Thursday, October 2, 2008
The View from the Kitchen Window
Our apartment is quite nice for the price. We viewed several "pisos" and finally decided, rather than spend the 700 euros (plus 700 euro deposit) for privacy (and self-maintained cleanliness), we would rent space in a four bedroom, two bathroom apartment. We are in a very central location and have wireless internet (which we use nonstop), a TV (which we never use), and heat for the winter months. As you can see in this picture, we have a laundry room as well...or a strung wire outside the kitchen window. We are equipped with a washer (thank goodness) but do have to air dry our clothes, something that I couldn't have imagined I would mind. Of course, when I think of line-drying clothing or sheets or towels, I picture it like anyone else from my technological generation would...overlooking a soft field in a golden breeze and fresh, mountain air. Or something. As it is, we'll now wear our jeans 3 or 4 or 5 days without washing them, since when you hang them out the kitchen window they pick up every aroma (of trash, the neighbor's frying fish, the traffic smog, the mold from the shaded walls). We don't get any sunshine on our side of the building, so they take a day and a half to dry and are long crunchy boards when we pull them back in.

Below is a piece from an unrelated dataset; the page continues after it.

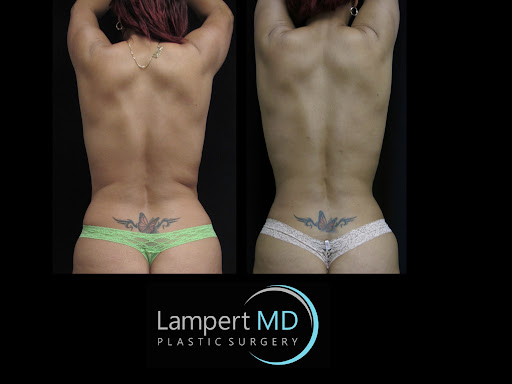 Lampert MD patient showing where fat will be harvested for reconstruction surgery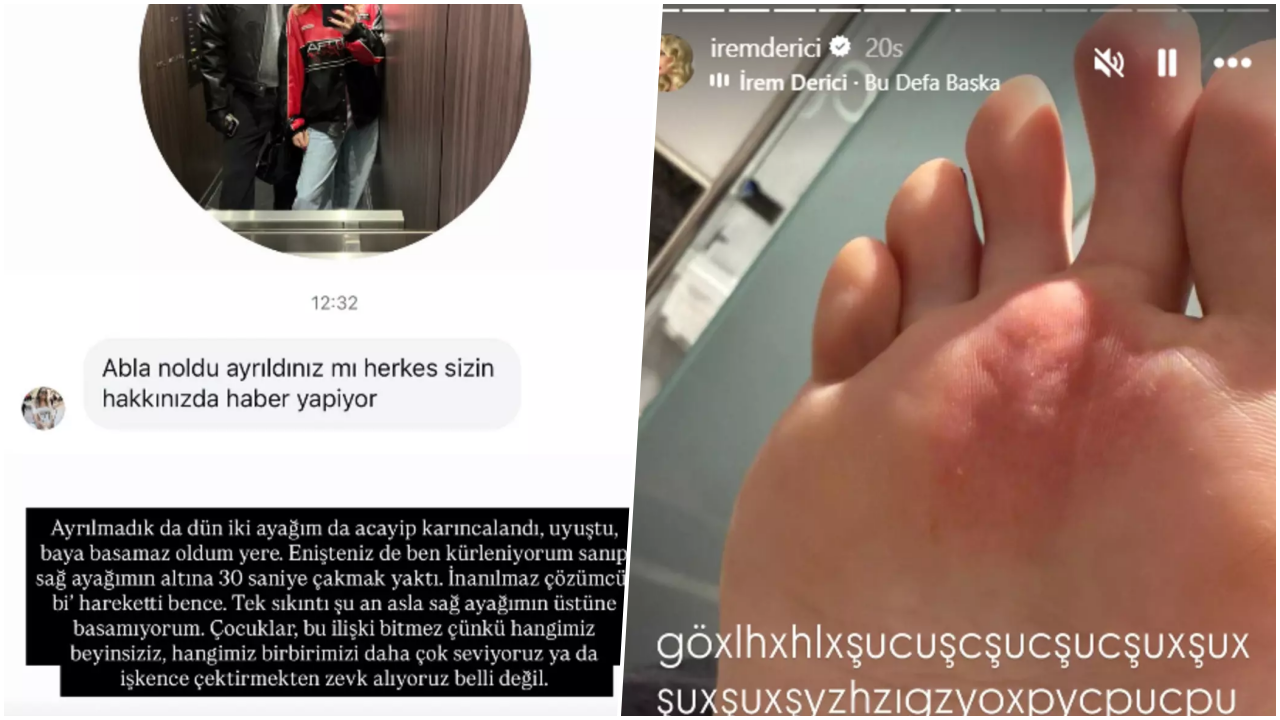 İrem Derici sevgilisinden ayrıldı mı? 'Ayağımın altına çakmak yaktı' deyip fotoğrafını paylaştı 4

I make it out to be worse than it is, but please do believe me, things don't smell very good here.
But back to the apartment. We have a small kitchen with a fridge and a freezer, a tiny porch with a bit of sun and a view of the busy street and a square the children play in after siesta. We have a microwave and an oven that we can't figure out how to work.
Most importantly, we have good roommates. One, as I mentioned before, is from the United States. Blake is an English MFA student, so we have a lot in common with him, and with his girlfriend as well, who is also a Georgian. Blake is fluent in Spanish (when he is not speaking English with a strong southern accent) so he helps us to communicate with Jorge and Isaac. Jorge is a hermetic local and speaks no English (we don't see much of him), but Isaac is a student from Barcelona. He is learning English, so we practice our foreign languages on one another. We watched the futbol game with him the other night, then he watched the Georgia-Alabama football game with us. All in all, everyone is friendly but mostly busy and out of the apartment.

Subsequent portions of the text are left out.